**EXERCISE BRIEF**
Word for word, transcribe every line from the one holding "This has been" through the end of the records, but not the pictures.

**INFORMATION**
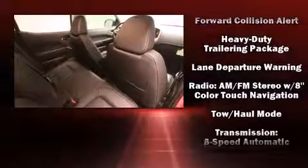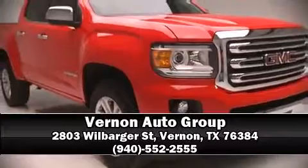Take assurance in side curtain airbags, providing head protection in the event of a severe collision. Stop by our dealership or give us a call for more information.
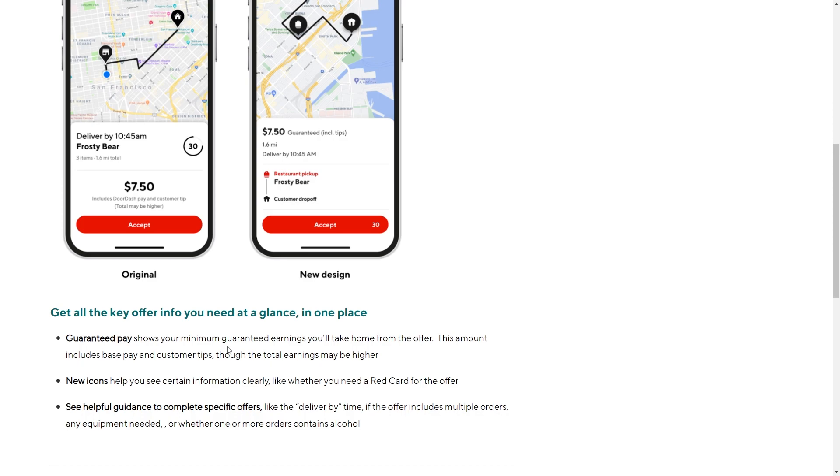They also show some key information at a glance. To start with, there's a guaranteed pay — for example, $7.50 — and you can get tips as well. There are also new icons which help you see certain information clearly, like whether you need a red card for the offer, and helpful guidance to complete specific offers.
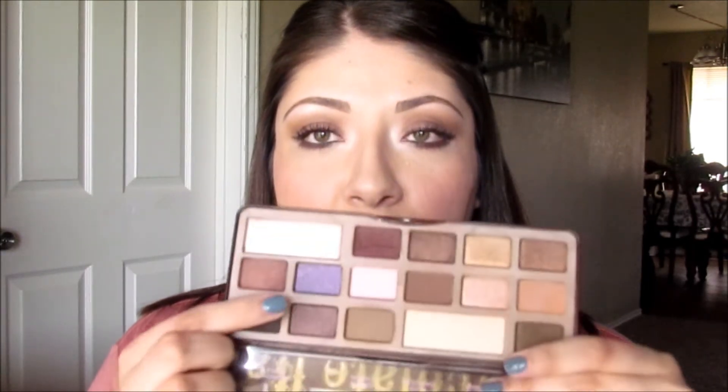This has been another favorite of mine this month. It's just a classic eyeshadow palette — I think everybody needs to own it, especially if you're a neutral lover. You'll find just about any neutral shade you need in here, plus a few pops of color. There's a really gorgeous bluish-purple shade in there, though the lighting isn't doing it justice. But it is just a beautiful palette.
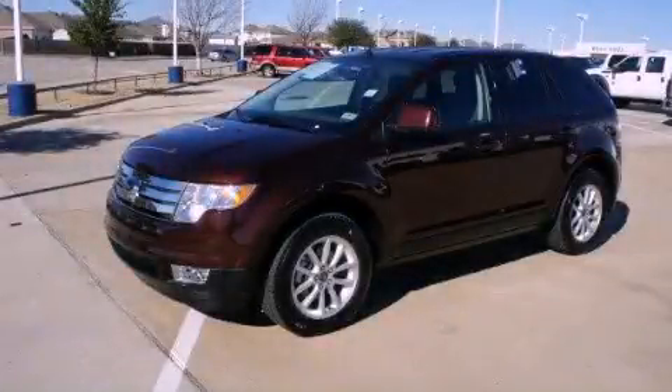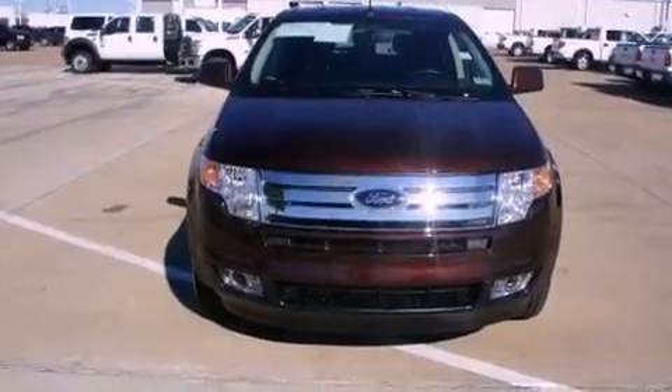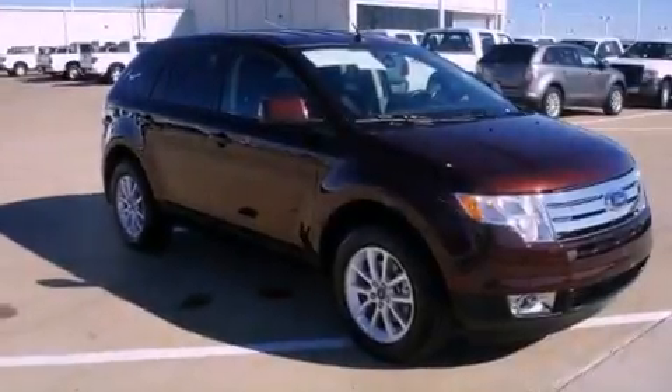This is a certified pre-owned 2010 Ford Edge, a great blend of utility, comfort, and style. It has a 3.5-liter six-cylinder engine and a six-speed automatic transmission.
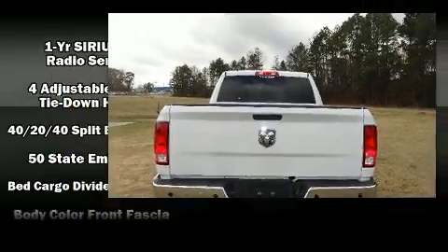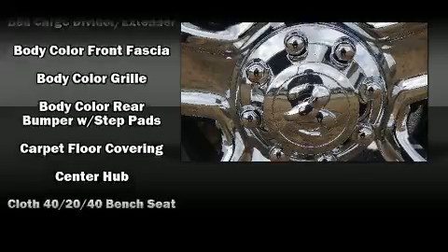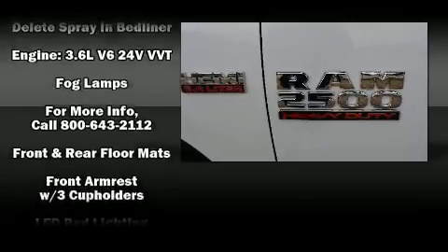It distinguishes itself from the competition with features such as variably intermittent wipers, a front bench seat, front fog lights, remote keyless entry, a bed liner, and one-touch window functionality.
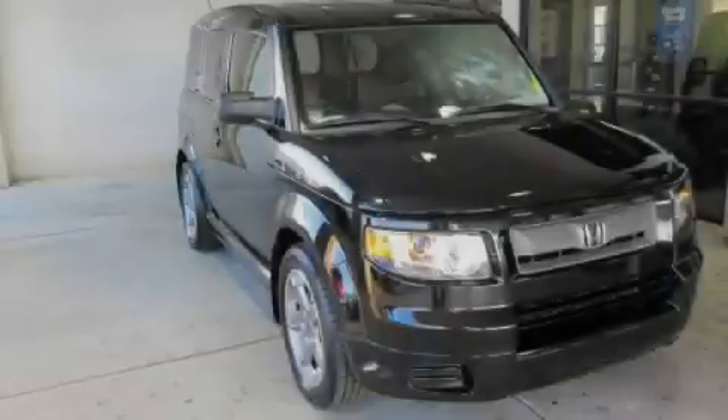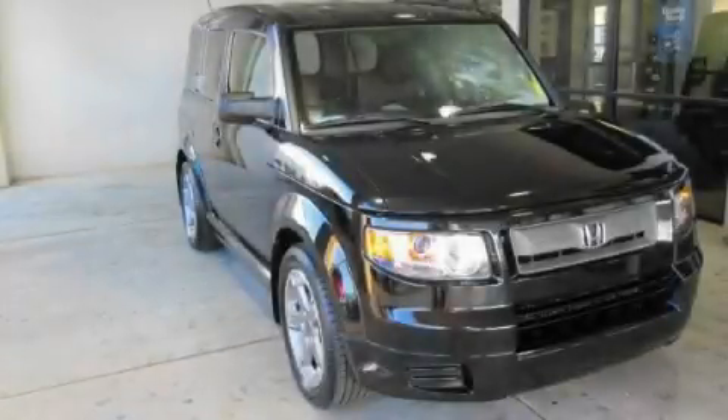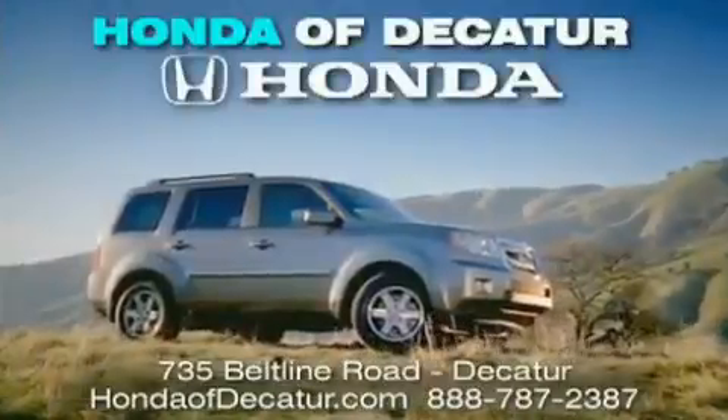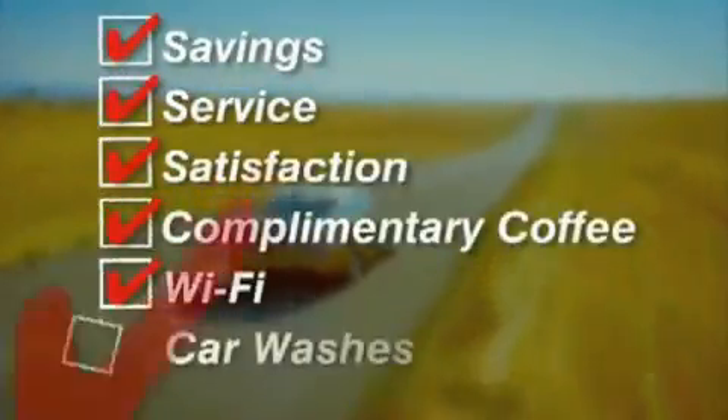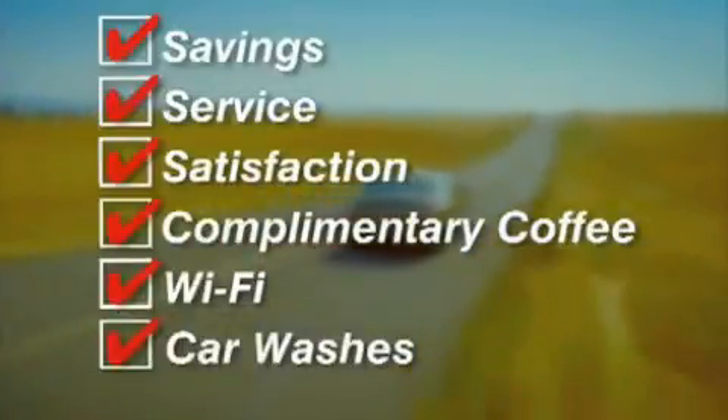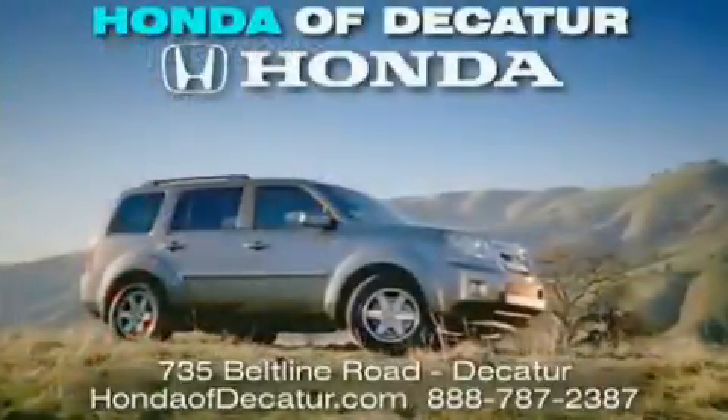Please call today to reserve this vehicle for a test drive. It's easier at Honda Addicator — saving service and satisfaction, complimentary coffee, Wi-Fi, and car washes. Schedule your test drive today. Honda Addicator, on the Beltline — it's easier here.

**ANSWER AREA**
This has been another favorite of mine this month. It's just a classic eyeshadow palette — I think everybody needs to own it, especially if you're a neutral lover. You'll find just about any neutral shade you need in here, plus a few pops of color. There's a really gorgeous bluish-purple shade in there, though the lighting isn't doing it justice. But it is just a beautiful palette.
This is a certified pre-owned 2010 Ford Edge, a great blend of utility, comfort, and style. It has a 3.5-liter six-cylinder engine and a six-speed automatic transmission.
It distinguishes itself from the competition with features such as variably intermittent wipers, a front bench seat, front fog lights, remote keyless entry, a bed liner, and one-touch window functionality.
Please call today to reserve this vehicle for a test drive. It's easier at Honda Addicator — saving service and satisfaction, complimentary coffee, Wi-Fi, and car washes. Schedule your test drive today. Honda Addicator, on the Beltline — it's easier here.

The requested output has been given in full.